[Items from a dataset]
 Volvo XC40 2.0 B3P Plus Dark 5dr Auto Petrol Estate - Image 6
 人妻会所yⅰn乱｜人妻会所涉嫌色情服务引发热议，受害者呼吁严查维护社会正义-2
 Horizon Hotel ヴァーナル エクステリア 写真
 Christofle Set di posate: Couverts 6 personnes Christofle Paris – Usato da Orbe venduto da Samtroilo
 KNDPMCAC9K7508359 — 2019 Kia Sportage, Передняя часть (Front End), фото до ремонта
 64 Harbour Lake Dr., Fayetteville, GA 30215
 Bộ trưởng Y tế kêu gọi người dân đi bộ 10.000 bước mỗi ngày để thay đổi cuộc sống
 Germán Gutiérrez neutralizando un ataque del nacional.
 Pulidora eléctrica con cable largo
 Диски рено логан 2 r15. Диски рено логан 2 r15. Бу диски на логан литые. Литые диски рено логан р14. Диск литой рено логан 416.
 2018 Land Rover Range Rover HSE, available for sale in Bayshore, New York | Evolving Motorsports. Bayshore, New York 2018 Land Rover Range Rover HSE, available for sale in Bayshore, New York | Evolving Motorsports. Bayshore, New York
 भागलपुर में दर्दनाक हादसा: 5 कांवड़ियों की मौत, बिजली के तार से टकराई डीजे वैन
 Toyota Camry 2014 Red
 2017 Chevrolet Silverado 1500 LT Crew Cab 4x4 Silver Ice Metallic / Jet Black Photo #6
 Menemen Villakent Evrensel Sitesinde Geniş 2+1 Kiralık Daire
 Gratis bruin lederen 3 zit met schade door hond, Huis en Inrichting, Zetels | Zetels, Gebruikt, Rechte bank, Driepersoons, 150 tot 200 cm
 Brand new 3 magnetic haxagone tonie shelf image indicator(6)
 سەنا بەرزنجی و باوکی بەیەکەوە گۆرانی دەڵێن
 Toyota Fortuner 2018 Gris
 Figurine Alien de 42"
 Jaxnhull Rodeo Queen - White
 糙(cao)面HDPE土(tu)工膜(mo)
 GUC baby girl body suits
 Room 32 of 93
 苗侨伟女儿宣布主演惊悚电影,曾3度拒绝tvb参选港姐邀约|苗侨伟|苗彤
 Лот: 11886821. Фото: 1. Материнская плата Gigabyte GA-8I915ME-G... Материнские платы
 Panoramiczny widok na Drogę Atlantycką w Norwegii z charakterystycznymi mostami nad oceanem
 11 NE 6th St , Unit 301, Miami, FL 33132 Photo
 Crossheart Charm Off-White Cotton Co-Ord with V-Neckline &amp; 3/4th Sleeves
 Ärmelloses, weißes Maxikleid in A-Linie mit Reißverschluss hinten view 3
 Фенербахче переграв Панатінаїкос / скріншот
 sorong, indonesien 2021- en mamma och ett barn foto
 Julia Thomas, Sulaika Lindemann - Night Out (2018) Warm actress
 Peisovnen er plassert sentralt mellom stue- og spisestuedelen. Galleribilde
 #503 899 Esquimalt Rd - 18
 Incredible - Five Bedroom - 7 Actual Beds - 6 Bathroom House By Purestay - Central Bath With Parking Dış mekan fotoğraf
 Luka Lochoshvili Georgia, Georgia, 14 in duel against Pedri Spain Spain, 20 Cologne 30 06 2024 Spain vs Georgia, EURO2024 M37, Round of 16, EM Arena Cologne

Problem statement -
Read through the entries above, and wherever a line holds the string "Toyota", copy it.

Answer section -
 Toyota Camry 2014 Red
 Toyota Fortuner 2018 Gris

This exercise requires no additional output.